# Task objective
Give back the full listing as written. No pictures go with it.

# Provided data

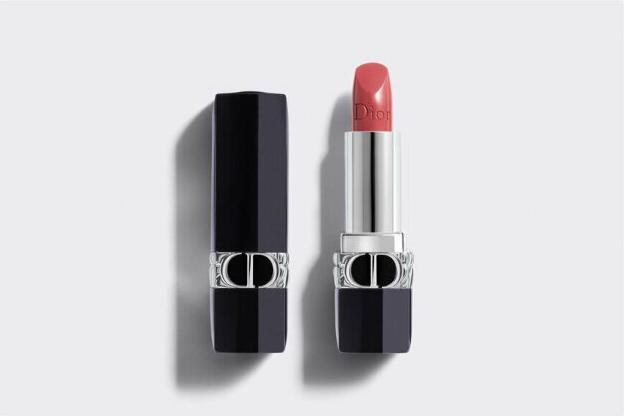 Produktbild Dior Rouge Satin No 458 (458)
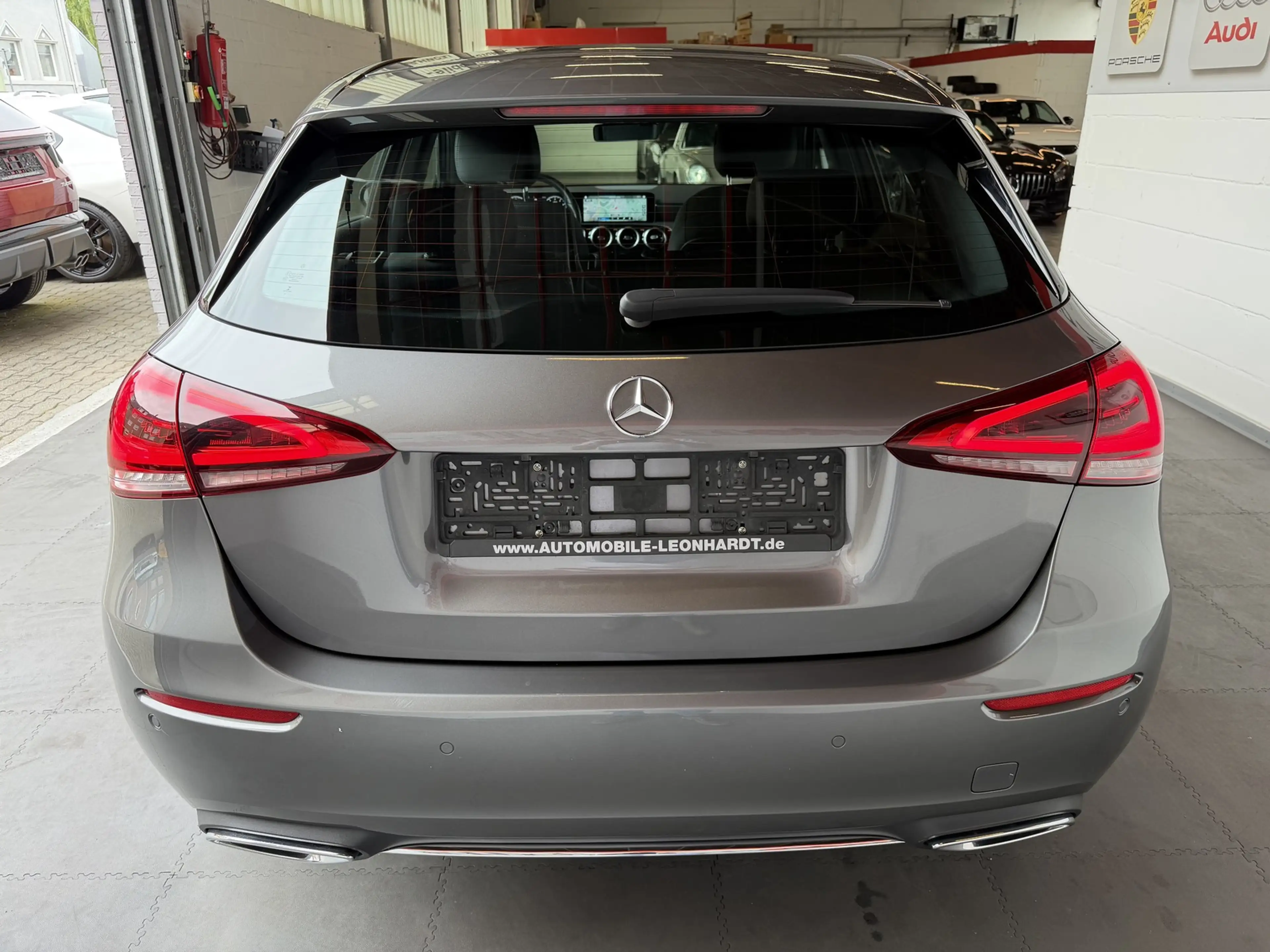Mercedes-Benz A 200 *2.Hand*23417KM*Garantie*ab3,99%* — photo 6
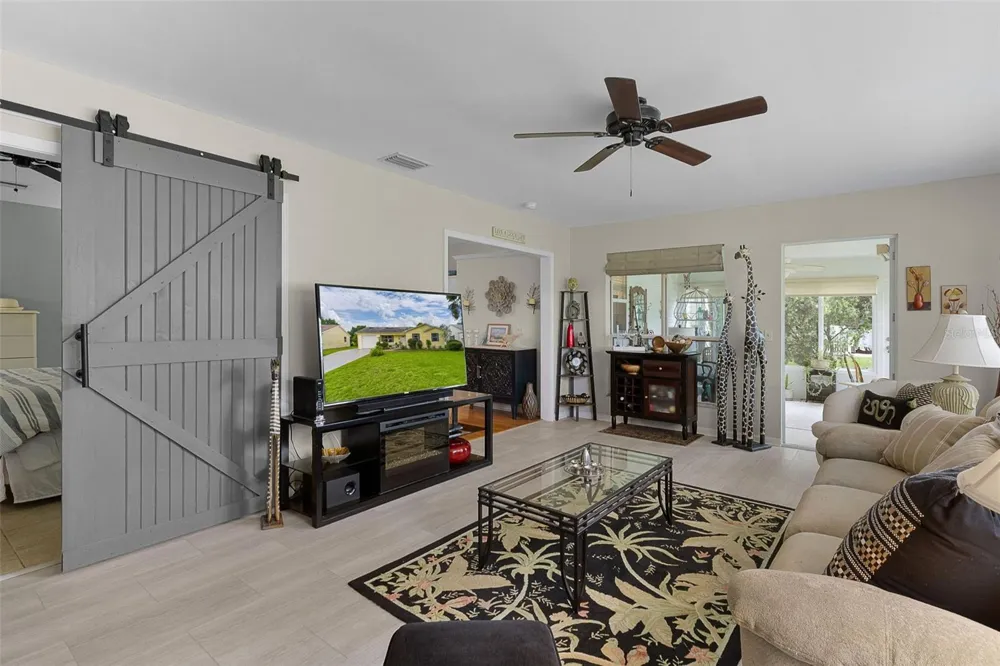 934 ORCHID STREET The Villages, FL 32159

# Response below
 Produktbild Dior Rouge Satin No 458 (458)
Mercedes-Benz A 200 *2.Hand*23417KM*Garantie*ab3,99%* — photo 6
 934 ORCHID STREET The Villages, FL 32159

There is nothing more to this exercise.